Puzzlingly, risen actually manages to combine the drawbacks of the medieval imagination with the drawbacks of a desecrated Protestant imagination.
Thus, on the one hand, Mary Magdalene is portrayed as a prostitute, a sixth-century tradition from which she has been absolved both by biblical scholarship and, to a large extent, by the contemporary popular imagination. risen shows no awareness of the contemporary discussion surrounding the portrayal of Jews in evangelical drama; there are no sympathetic jewish characters who are not disciples of jesus. Nor is much attention paid to the female disciples, who were the first to discover the empty tomb and to meet the risen Christ.
on the other hand, in the very effectively imagined ascension scene, jesus gives the apostles the great commission, but leaves out baptism in the name of the father, the son, and the holy spirit. In a scene that would otherwise have notable Eucharistic overtones, when the Apostles break and share bread around a campfire while praying the Our Father, Peter nonchalantly tosses a piece of bread over his shoulder to the ground for Clavius. (no, not really the eucharist, but still).
The Virgin Mary is just a character.
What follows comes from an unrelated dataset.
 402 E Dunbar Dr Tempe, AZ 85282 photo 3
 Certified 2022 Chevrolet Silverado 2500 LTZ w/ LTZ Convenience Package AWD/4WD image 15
And when Peter affirms his love for Jesus three times and receives the triple commission from him, but with no hint of Peter’s guilt for the triple denials, this moment she loses her redeeming power.
for all its problems, risen is still more interesting in some ways than a direct dramatization of the gospel story as a son of god. it’s far from completely satisfying, but for devoted viewers, its strengths may outweigh its flaws.
steven d. greydanus is the film critic of record and creator of decent movies. he is studying for the permanent diaconate of the archdiocese of newark, new jersey. follow him on twitter.
watcher warning: battlefield and crucifixion violence; fleeting images of decomposing corpses; brief representations of drunkenness; references to prostitution. teens and up.